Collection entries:
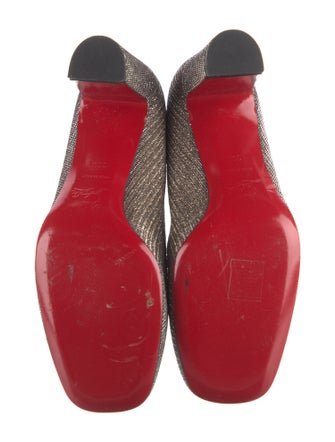 Christian Louboutin Glitter Accents Pumps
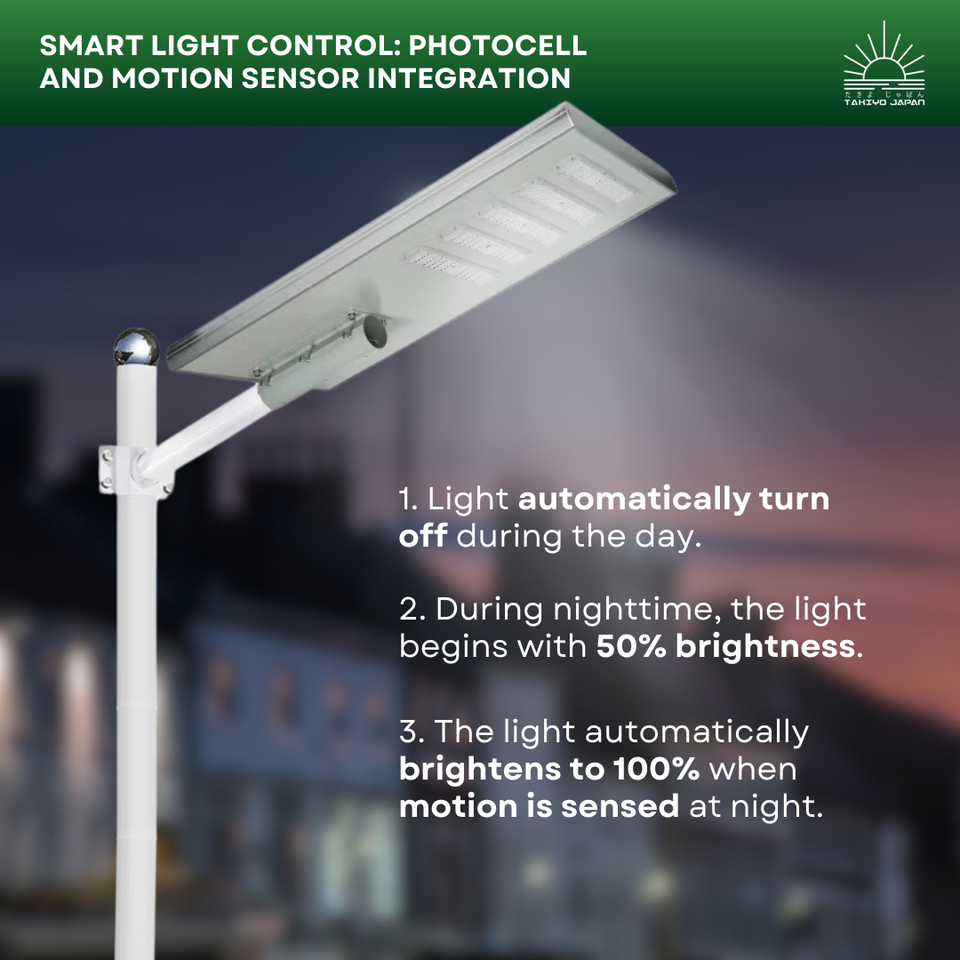 Gaito 300W 500W Industrial Solar Street Lights - takiyo japan solarlights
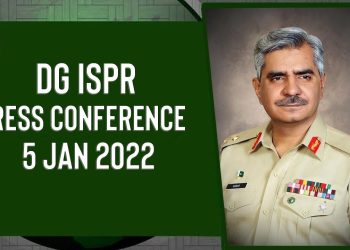 DG ISPR Press Conference, DG ISPR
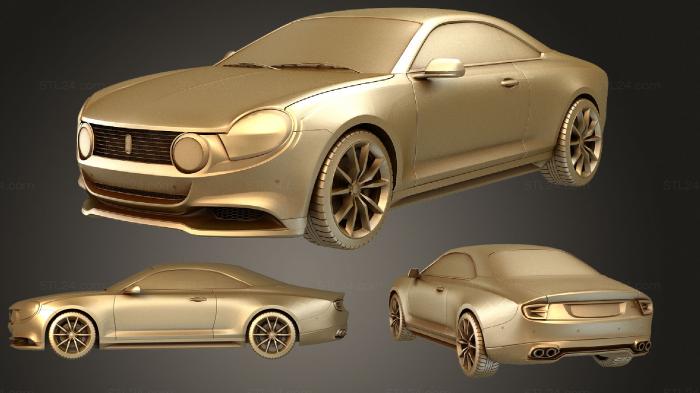 Vehicles (Fiat Torino Concept Coupe, CARS_1463) 3D models for cnc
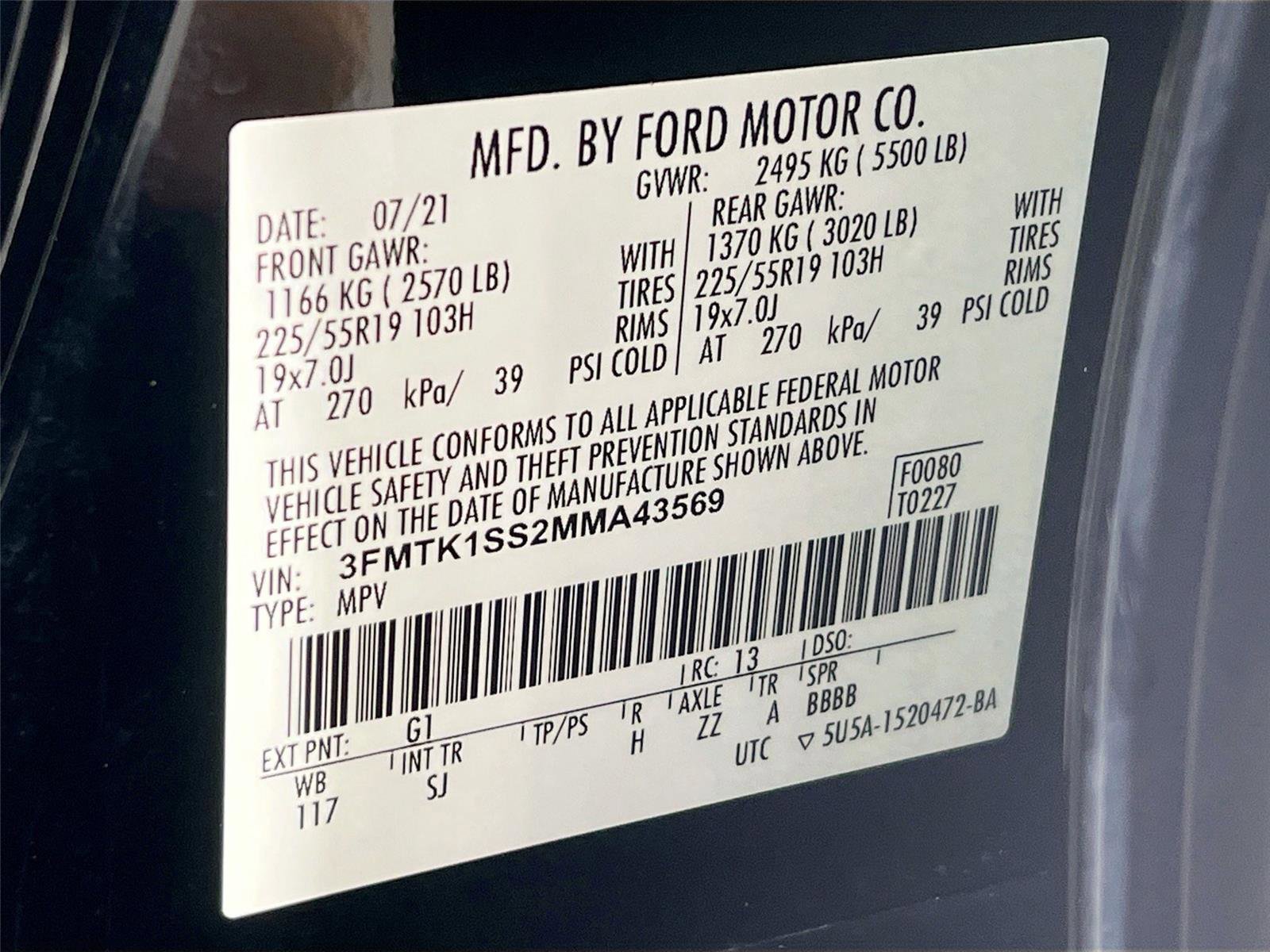 Used 2021 Ford Mustang Mach-E Select w/ Comfort/Appearance Package AWD/4WD image 32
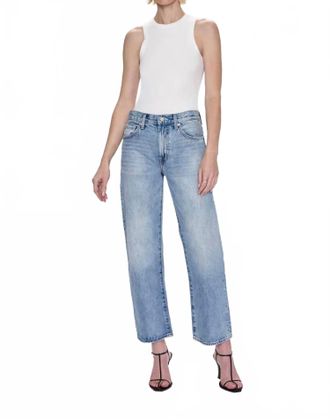 Pistola Denim Lexi Mid Rise Bowed Straight Jean In Bowie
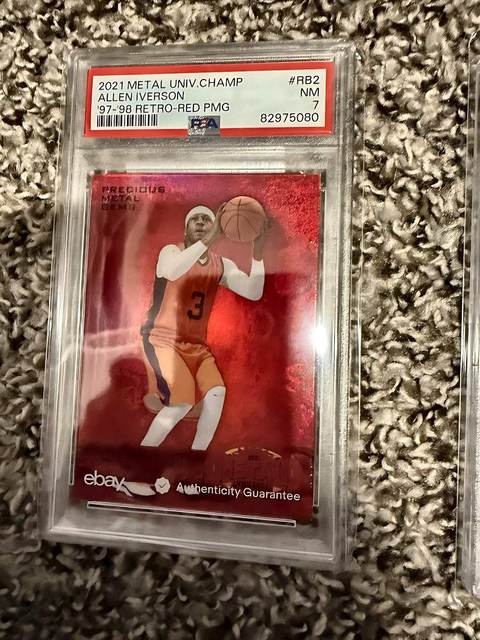 Allen Iverson 2021 Metal Universe Champions - PSA 7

- _What you need to do_
Look above for the line containing "Used 2021 Ford", then retype it and each line after it to the end of the records, exactly and without pictures.

- _Your solution_
 Used 2021 Ford Mustang Mach-E Select w/ Comfort/Appearance Package AWD/4WD image 32
 Pistola Denim Lexi Mid Rise Bowed Straight Jean In Bowie
 Allen Iverson 2021 Metal Universe Champions - PSA 7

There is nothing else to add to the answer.